The workshop "Analysis and Control on Networks: trends and perspectives" that took place in Padova on March 9-11,2016, brought together some of the leading experts in the fields of hyperbolic conservation laws and of control and optimization of PDEs, that have achieved most influential recent advances in these areas. The present and the forthcoming Networks and Heterogeneous Media Issue collect some significative recent results related to the research area of continuous flows on network structures, most of which were discussed in the aforementioned workshop, without the pretence of covering all themes of this broad field. In particular, this volume focuses on the following topics:

-Theoretical results on junctions with buffers, phase-transition models, PDE-ODE models, mainly motivated by traffic-flow problems.

-Analysis of measure-based models for networks and for multi-agent systems.

-Control methods for network flows via semigroup approach and investigation of numeric schemes for animal group-size evolution models.

More precisely, Bressan and Nordli introduce a Riemann solver at a junction that determines the limiting solution obtained in presence of a buffer when the buffer's capacity vanishes. Remarkably, the resulting solution depends Lipschitz continuously on the turning preference and relative priority parameters. A Riemann solver is a rule that specifies how to construct the solution at an intersection when the initial traffic-flow density is constant on each incoming and outgoing roads. Because of the finite speed of propagation, once a Riemann Solver at a junction is prescribed, the Cauchy problem on a network can be uniquely solved under suitable assumptions.

Mohamed and Rosini investigate a phase-transition model (describing the free and congested phases) for vehicular traffic with local point constraints that take into account the presence of obstacles hindering the flow of vehicles. They introduce two constrained Riemann solvers for this problem and analyze their properties. Instead, the existence of solutions to the initial-boundary value problem for a similar phase-transition model, without constraints, is established in the paper of Marcellini via a front-tracking algorithm.

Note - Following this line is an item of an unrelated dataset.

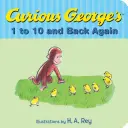 Ciekawski George od 1 do 10 i z powrotem - Curious George's 1 to 10 and Back Again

The phenomena of moving bottlenecks in traffic flow motivates the analysis of conservation laws with moving constraints as in the paper of Delle Monache and Goatin where a first important step is provided toward the establishing of a well-posedness theory for a strongly coupled PDE-ODE system of this form.

Camilli, De Maio and Tosin analyze the existence of measure-valued solutions to a linear transport equation on a network by first considering a local boundary value problem on each single arc of the network, and then gluing together all solutions according with appropriate distribution rules at the vertices. The evolution of measures on network structures allows a better description, in a multi scale micro-macro perspective, of phenomena such as aggregation, congestion and pattern formation arising for instance in crowd motion modelling.

A time-optimal control problems for positive measures driven by a continuity equation is the object of investigation of the work of Cavagnari, Marigonda and Piccoli. Here the problem is motivated by applications in multi-agents systems or in pedestrian dynamics, for example in the evacuation problem where the goal is to drive a crowd of people outside an environment space in a minimum amount of time. The analysis carried out in this paper is performed in a non-interacting setting providing a first step toward further investigations of interacting particle systems.

K.-J. Engel and Kramar Fijavž consider a control problem for a transport process along a network governed by linear operators, assuming that the controls act at the vertices. They employ an abstract semigroup approach to characterize the reachable states in finite time via positive valued controls.

The work of Degond and M. Engel deals with coagulation-fragmentation integral equations that model rates of merging and splitting of animal group sizes. In particular they perform a numerical investigation of the resulting continuous and discrete equilibrium distributions using three different schemes and analyze the convergence in time to such equilibria.